WLNS 6 Lansing: Peters: $13.5 million for PFAs cleanup effors at former Wurtsmith Air Force Base
WASHINGTON, DC (WLNS): U.S. Senator Gary Peters (MI) and members of the Michigan Congressional Delegation today announced that the Air Force will give $13.5 million to reduce PFAS around the former Wurtsmith Air Force Base in Oscoda.
The funding comes from $60 million that Congress had recently given to the Department of Defense to spend to address PFAS contamination at decommissioned bases around the country.
Last month, Peters – along with U.S. Senator Debbie Stabenow (MI) and U.S. Representatives Dan Kildee (MI-05), Debbie Dingell (MI-12), Brenda Lawrence (MI-14), Elissa Slotkin (MI-08), Andy Levin (MI-09), Haley Stevens (MI-11) and Rashida Tlaib (MI-13) – wrote to Air Force Secretary Barbara Barrett asking the Air Force to make Wurtsmith Air Force Base a priority.

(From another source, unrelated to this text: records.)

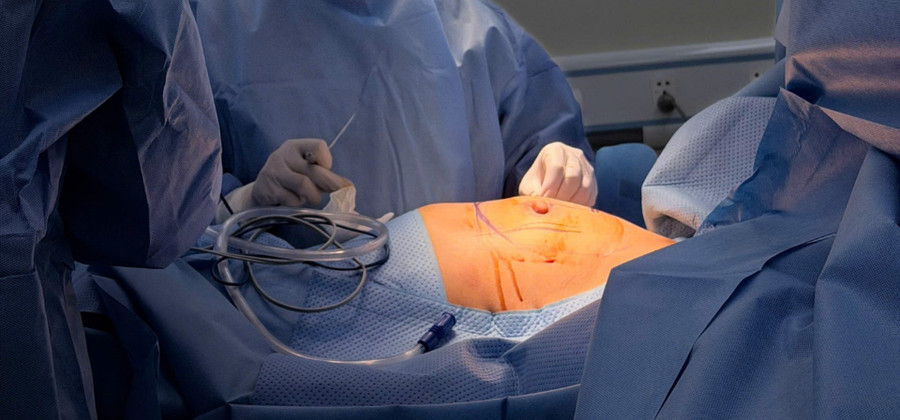 Bệnh nhân được phẫu thuật hai lần.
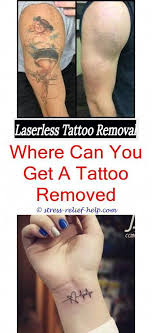 Tattoo removal aftermath how many sessions to completely remove tattoo can a new tattoo be re tattoo removal cost tattoo removal the health of the person influences how long laser tattoo removal takes. Tattoo Removal Sessions How Much Does Laser Tattoo Removal Hurt Tattoo Removal Jobs Tattoo Removal Tattoo Removal Cost Tattoo Removal Eyebrow Tattoo Removal
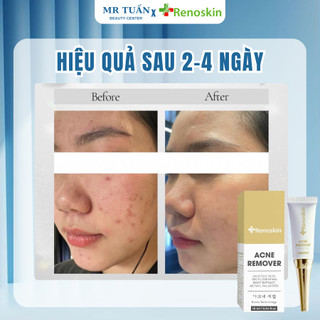 Kem Chấm Mụn Acne Remover Renoskin 10ml Dạng Kem Giúp Làm Dịu Và Se Nhanh Cồi Mụn, Dễ Thẩm Thấu, Không Bết Dính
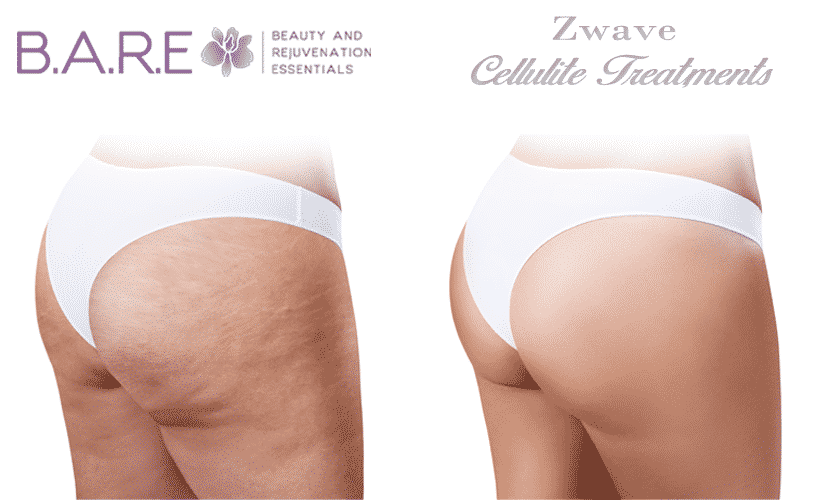 Cellulite Reduction Treatment Windsor Ontario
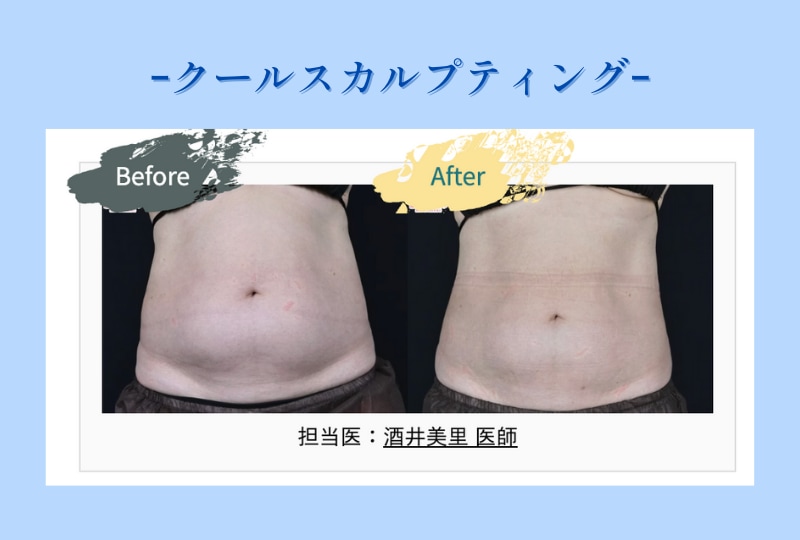 クールスカルプティング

“When I brought Assistant Air Force Secretary Henderson to Oscoda last year, the message was clear: the Air Force must do more to cleanup PFAS contamination that has devastated the Oscoda community,” said Senator Peters in a press release. “I joined my colleagues in pressing for more funding at Wurtsmith because Michiganders deserve answers and actions. This funding is an important step towards stopping the continued spread of PFAS contamination from the former base, and reducing PFAS exposure in the community. I’m going to continue pushing for additional action and federal resources to address this crisis.”
Per- and polyfluoroalkyl substances (PFAS) are a group of man-made chemicals that includes PFOA, PFOS, GenX, and many other chemicals.
Both chemicals PFOS and PFAS are very persistent in the environment and in the human body – meaning they don’t break down and they can accumulate over time.
There is evidence that exposure to PFAS can lead to adverse human health effects such as
- low infant birth weights,
- effects on the immune system,
- cancer (for PFOA), and
- thyroid hormone disruption (for PFOS).